Originally published as a blog for Inside Housing on December 13.

It would be very easy for the Conservatives to conclude after this election that they do not need to bother about housing.

The striking thing about their biggest victory since 1987 is that most of the places where various forms of the housing crisis are most acute voted for other parties. And it did not matter.

That’s most obviously true in London where Labour retained most of the seats with the highest levels of homelessness and families in temporary accommodation.

In London and other major cities where house prices have risen most and Generation Rent has grown fastest, gains for Labour from 2017 were consolidated in 2019, albeit with reduced majorities.

Labour’s only real victory last night was in Putney, which the Tories captured in the 1980s on the back of the right to buy, control of Wandsworth council and an influx of well-heeled professionals.

If there was a backlash against Tory inaction from leaseholders in thousands of apartment buildings around the country, most of them (a sweeping generalisation, I know) are in metropolitan, remain-voting constituencies that for the most part did not change hands last night.

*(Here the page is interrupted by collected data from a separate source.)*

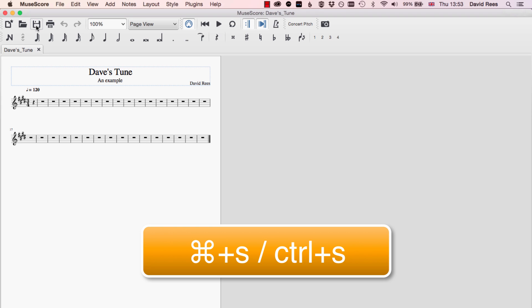It's almost worth getting into the habit whenever you're working on a score in MuseScore just to be doing Command S or Control S all the time, every few minutes, just so that you never find yourself in that situation where you've lost that amazing piece of work that you've done because your computer crashed or something went wrong.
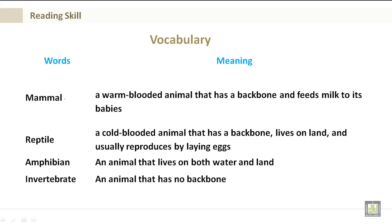Vocabulary. A mammal is a warm-blooded animal that has a backbone and feeds milk to its babies. A reptile is a cold-blooded animal that has a backbone, lives on land, and usually reproduces by laying eggs. An amphibian is an animal that lives on both water and land. An invertebrate is an animal that has no backbone.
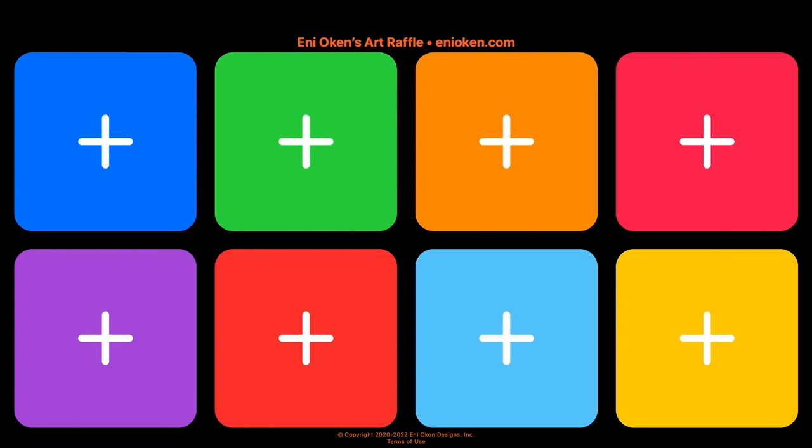Hi there, this is Annie Oken and today I want to show you a much-awaited update to the Art Raffle app. In case you're not familiar with the app, this is an app that I developed with my husband Alan Thompson from Blindview Studios.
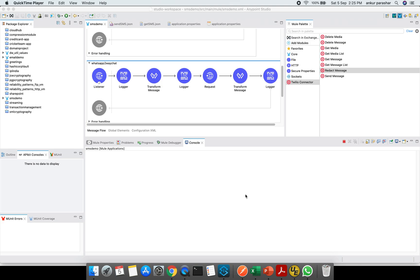Hey guys, taking forward the last discussion in which we discussed programmatic SMS, we will be using WhatsApp functionality using Twilio connector or Twilio REST API.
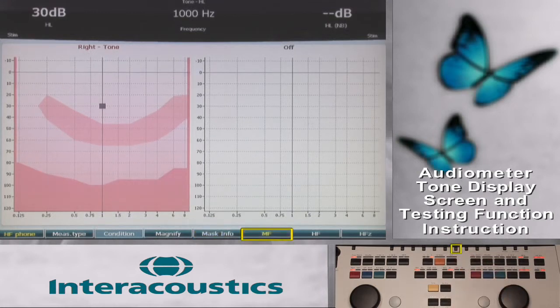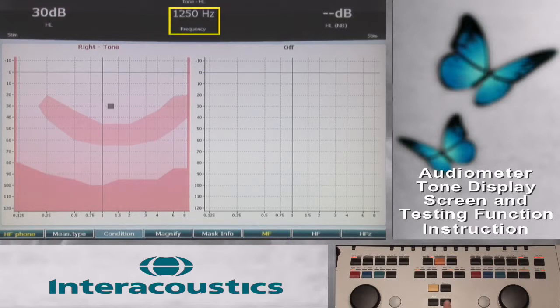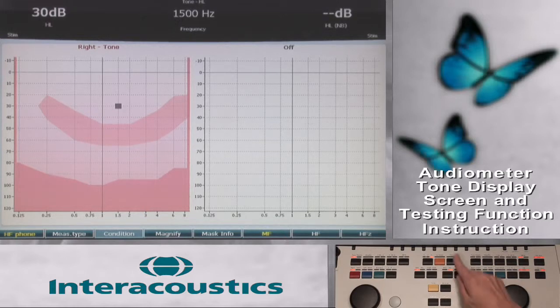The MF, or multi-frequency, function key will activate additional testing frequencies beyond the standard octaves. The quantity of test frequencies available per octave can be modified in the tone setting setup screen.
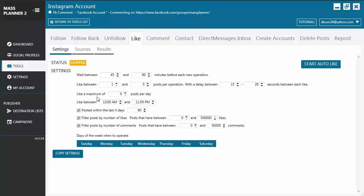You have to set the maximum number of likes you want to execute per day. You also set the like between time as to when the tool is going to execute its action.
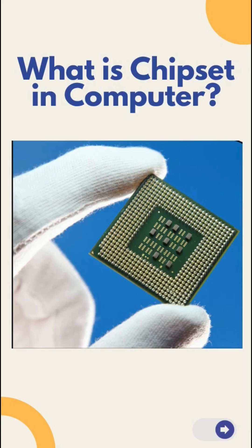So what is chipset in computer? A motherboard is like a backbone of your computer, connecting all essential components.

As for housing supply as a whole, voters in affluent seats in the South East may not much like Brexit but they will probably have been reassured by the Tories’ downgrading of their ambitions on new homes and promises to protect the green belt. Ex-housing minister Dominic Raab fended off the Lib Dem challenge in Esher and Walton.

So maybe the Conservatives were right to conclude, as I argued in my blog on their performance at the pre-election housing hustings, that there were no votes in housing.